The SAF was initially made up of the Army, Navy, Air Force and Police Force. In the post-independence period, it grew to become among the larger militaries in Africa. Due to Barre's increasing reliance on his own clans, repressive policies, and the Somali Rebellion, the military had by 1988 begun to disintegrate. By the time President Siad Barre fled Mogadishu in January 1991, the last cohesive army grouping, the 'Red Berets,' had deteriorated into a clan militia. An unsteady rebuilding process began after 2000. In January 2014, the security sector was overseen by the Federal Government of Somalia's Ministry of Defence, Ministry of National Security, and Ministry of Interior and Federalism. The northeastern region of Puntland maintains its own separate military force.

History

Middle Ages to colonial period 
Historically, Somali society conferred distinction upon warriors (waranle) and rewarded military acumen. All Somali males were regarded as potential soldiers, except for men of religion. Somalia's many sultanates each maintained regular troops. In the early Middle Ages, the conquest of Shewa by the Ifat Sultanate ignited a rivalry for supremacy with the Solomonic dynasty.

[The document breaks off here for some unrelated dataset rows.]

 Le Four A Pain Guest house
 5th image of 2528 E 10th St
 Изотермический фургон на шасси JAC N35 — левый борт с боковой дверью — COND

Many similar battles were fought between the succeeding Sultanate of Adal and the Solomonids, with both sides achieving victory and suffering defeat. During the protracted Ethiopian-Adal War (1529–1559), Imam Ahmad ibn Ibrahim al-Ghazi defeated several Ethiopian Emperors and embarked on a conquest referred to as the Futuh Al-Habash ("Conquest of Abyssinia"), which brought three-quarters of Christian Abyssinia under the power of the Muslim Adal Sultanate. Al-Ghazi's forces and their Ottoman allies came close to extinguishing the ancient Ethiopian kingdom, but the Abyssinians managed to secure the assistance of Cristóvão da Gama's Portuguese troops and maintain their domain's autonomy. However, both polities in the process exhausted their resources and manpower, which resulted in the contraction of both powers and changed regional dynamics for centuries to come. Many historians trace the origins of hostility between Somalia and Ethiopia to this war. Some scholars also argue that this conflict proved, through their use on both sides, the value of firearms such as the matchlock musket, cannons and the arquebus over traditional weapons.

At the turn of the 20th century, the Majeerteen Sultanate, Sultanate of Hobyo, Warsangali Sultanate and Dervish State employed cavalry in their battles against the imperialist European powers during the Campaign of the Sultanates.

In Italian Somaliland, eight "Arab-Somali" infantry battalions, the Ascari, and several irregular units of Italian officered dubats were established. These units served as frontier guards and police. There were also Somali artillery and zaptié (carabinieri) units forming part of the Italian Royal Corps of Colonial Troops from 1889 to 1941. Between 1911 and 1912, over 1,000 Somalis from Mogadishu served as combat units along with Eritrean and Italian soldiers in the Italo-Turkish War. Most of the troops stationed never returned home until they were transferred back to Italian Somaliland in preparation for the invasion of Ethiopia in 1935.

In 1914, the Somaliland Camel Corps was formed in British Somaliland and saw service before, during, and after the Italian invasion of the territory during World War II.

1960 to 1978 

Just prior to independence in 1960, the Trust Territory of Somalia established a national army to defend the nascent Somali Republic's borders. A law to that effect was passed on 6 April 1960. Thus the Somali Police Force's Mobile Group (Darawishta Poliska or Darawishta) was formed. 12 April 1960 has since been marked as Armed Forces Day. British Somaliland became independent on 26 June 1960 as the State of Somaliland, and the Trust Territory of Somalia (the former Italian Somaliland) followed suit five days later. On 1 July 1960, the two territories united to form the Somali Republic.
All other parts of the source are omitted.